Salah satunya, 16 rangka manusia yang ditemukan tiga kali, yakni pada 2005 (7 rangka), pada Mei 2010 (6 rangka), dan pada Oktober 2014 (3 rangka). Penemuan lain antara lain berupa gelang emas, manik-manik, gerabah, keramik, dan senjata logam.
Analisis morfologis terhadap rangka-rangka manusia itu menunjukkan ada komponen anatomis yang hampir lengkap di sebagian besar rangka, dari tengkorak hingga pergelangan kaki. Tulang-belulangnya sangat tebal dan keras.
Ahli arkeologi Harry Widianto dengan fasih menjelaskan ciri-cirinya. Bentuk tengkorak yang tinggi dan bundar termasuk jenis tengkorak brachycephal.
Melihat langit-langit rahang atas, muka yang datar, keausan gigi, dan ciri-ciri lain, semua itu menunjuk pada jenis ras Mongoloid, ras kita saat ini.
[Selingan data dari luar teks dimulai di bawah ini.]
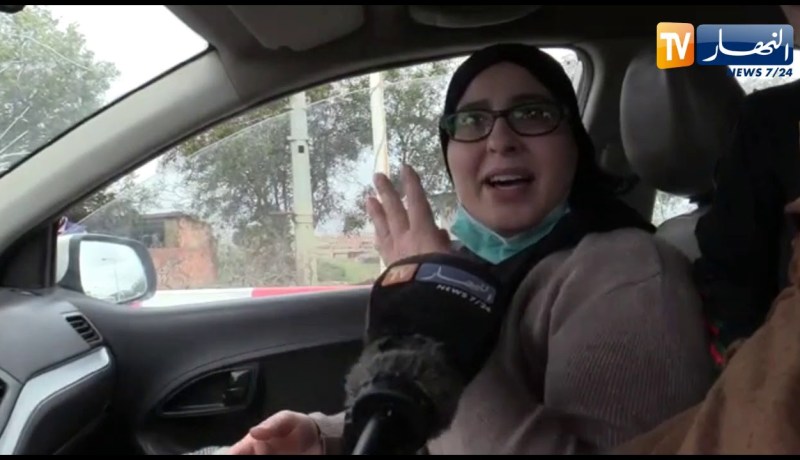 عين الدفلى: شهادات مؤثرة عن مأسي حوادث المرور.. وسائق شاحنة يبين أسباب وقوعها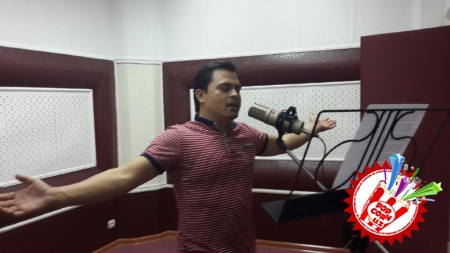 Яккахон концерт дастури учун тайёргарликлар авжида... Масрур Усмонов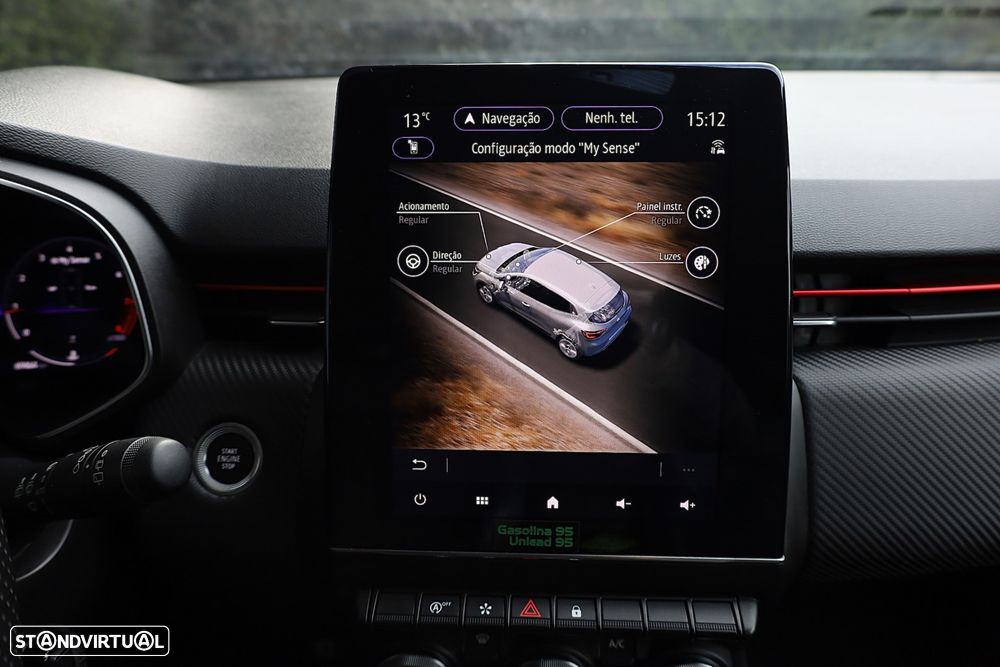 Renault Clio 1.0 TCe RS Line - 35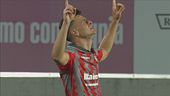 Stuckler beffa Vindahl, Cremonese 1-0 Sampdoria
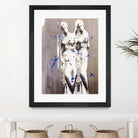 Self Divided II by PI Studio on GIANT ART - white contemporary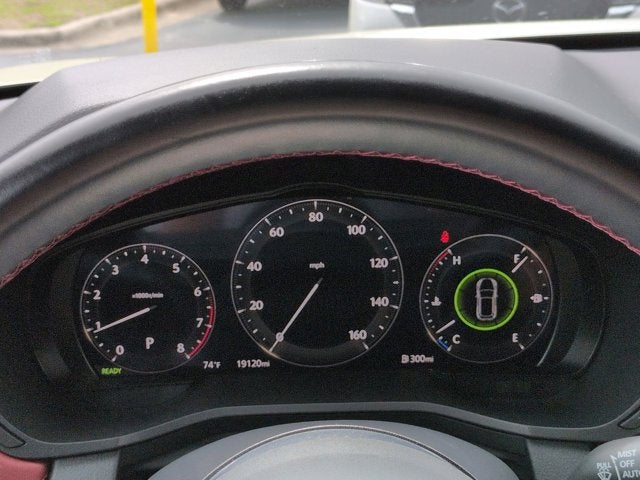 2025 Mazda Mazda CX-70 3.3 Turbo S Premium Package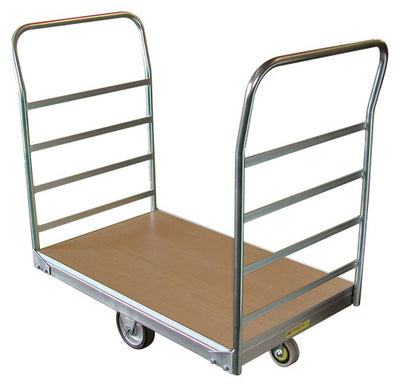 Rocking Deck Trolley - Single or Double Handle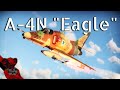The Golden Eagle | A-4N 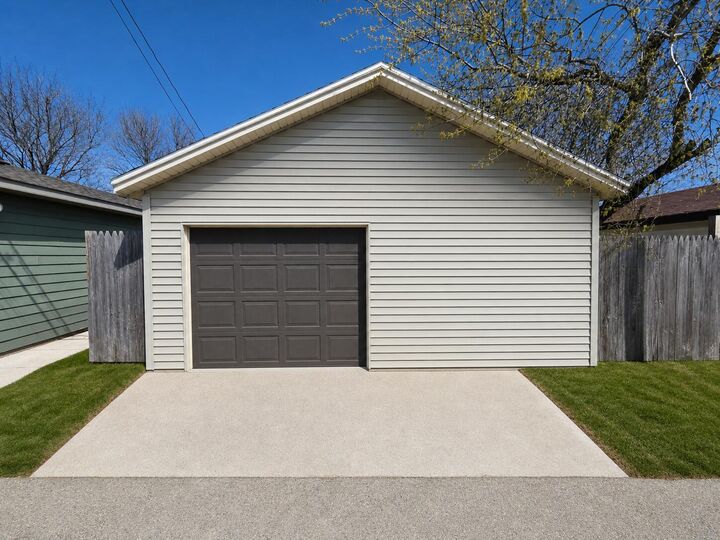 Property Photo: 919 High Ave WI 53081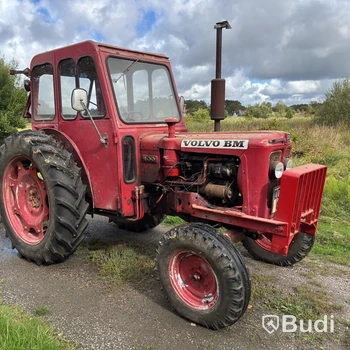 BM VOLVO 400 Buster 1965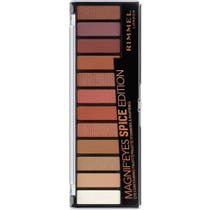 Rimmel London Palette MagnifEyes Spice Edition 12 Ombretti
Bambang Budi Utomo beserta tim dari Pusat Penelitian dan Pengembangan Arkeologi Nasional menganalisis pertanggalan melalui metode C-14 dengan sampel arang dari hasil penggalian di Candi Blandongan.
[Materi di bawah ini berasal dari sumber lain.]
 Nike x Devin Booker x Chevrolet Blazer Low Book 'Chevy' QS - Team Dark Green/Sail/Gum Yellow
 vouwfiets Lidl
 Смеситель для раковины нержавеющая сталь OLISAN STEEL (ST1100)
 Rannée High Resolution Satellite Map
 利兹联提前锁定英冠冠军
Hasilnya, rangka manusia yang ditemukan di situs itu diperkirakan hidup abad ke-2 hingga ke-3 Masehi, periode akhir dari Masa Prasejarah di Indonesia.
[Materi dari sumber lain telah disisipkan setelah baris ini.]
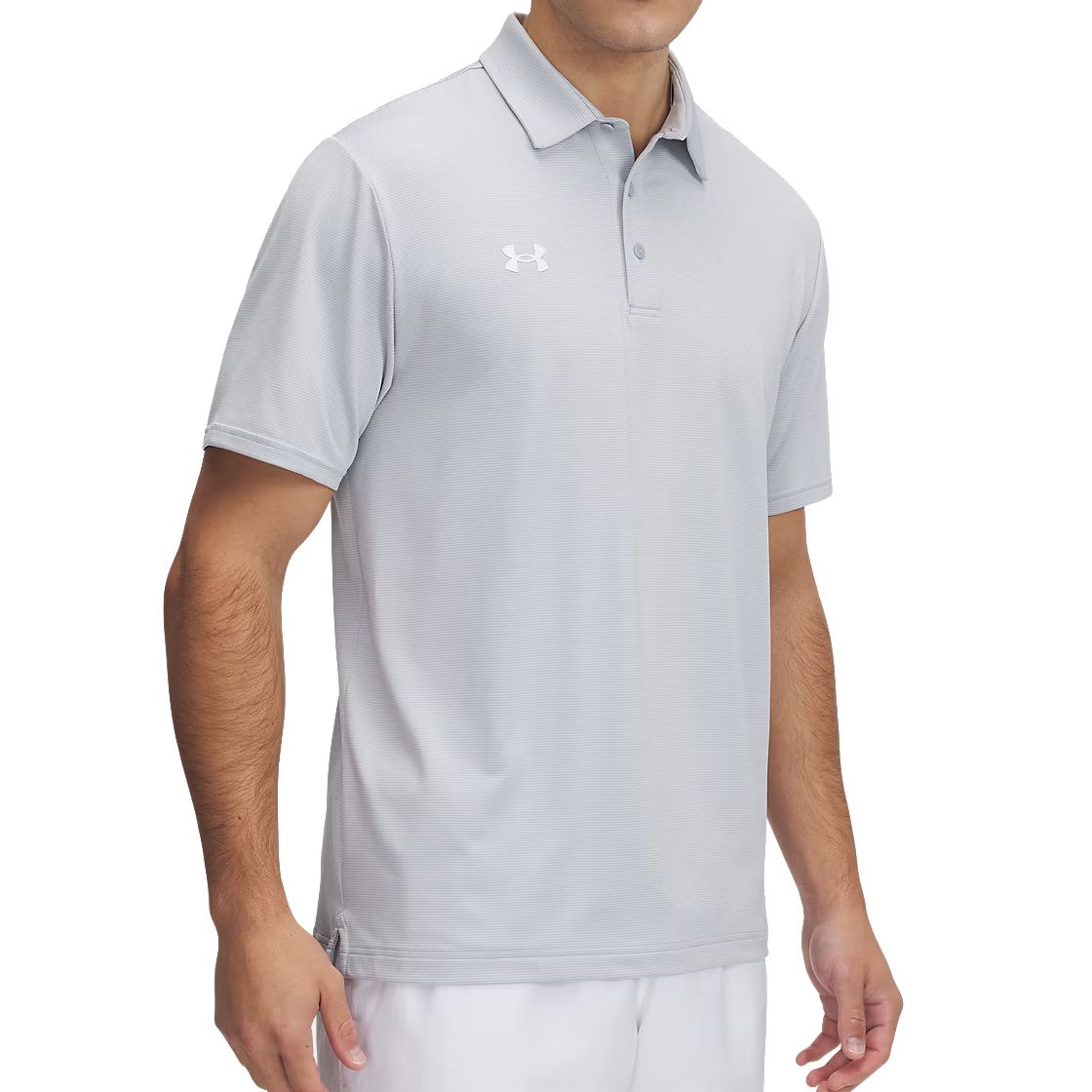 Men's Under Armour Drive Team Stripe Polo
”Hampir pasti, inilah kuburan para pendukung budaya Buni, budaya masa paleometalik yang sangat akrab dengan alat-alat logam dan mengembangkan teknologi gerabah berslip merah pada akhir prasejarah di Jabar. Kalau melihat candi-candi yang mengacu pada budaya Hindu dan Buddha, mereka ini mewakili masyarakat dari zaman peralihan, prasejarah ke sejarah. Mereka hidup dengan pola prasejarah, tapi memeluk agama baru, lantas mendirikan candi,” papar Harry, yang juga arkeolog dan ahli paleoantropologi.